§ MATERIAL SHOWN
# # # #

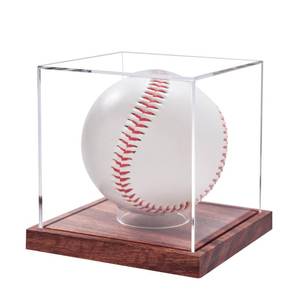 lot 5646 image: Baseball Display Case, No Assembly Required Clear Cube Tennis Ball Holder with Solid Wooden Base, Autograph Baseball Stand Box for Single Ball (1 Pack)
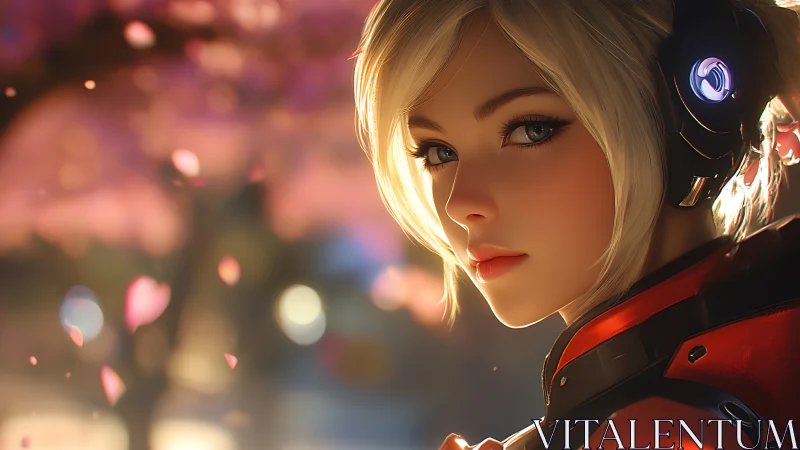 Cybernetic heroine gazes through bokeh-lit sakura ambience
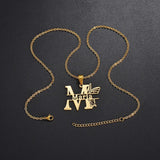 Butterfly Letters Necklace Women Girl Flower Chain Choker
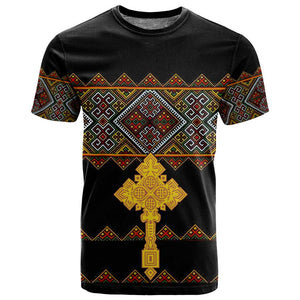 Eritrea T shirt Tilet Mix Eritrean Cross - Black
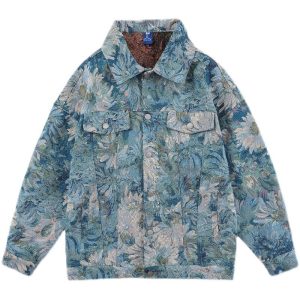 Creative Floral Denim Men Autumn Loose Men's and Women's Jackets | ShopDecimals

# # # #

§ WORK REQUEST
From the first line to the last, copy the listing above exactly, dropping all images.

§ ANSWER AREA
 lot 5646 image: Baseball Display Case, No Assembly Required Clear Cube Tennis Ball Holder with Solid Wooden Base, Autograph Baseball Stand Box for Single Ball (1 Pack)
 Cybernetic heroine gazes through bokeh-lit sakura ambience
 Butterfly Letters Necklace Women Girl Flower Chain Choker
 Eritrea T shirt Tilet Mix Eritrean Cross - Black
 Creative Floral Denim Men Autumn Loose Men's and Women's Jackets | ShopDecimals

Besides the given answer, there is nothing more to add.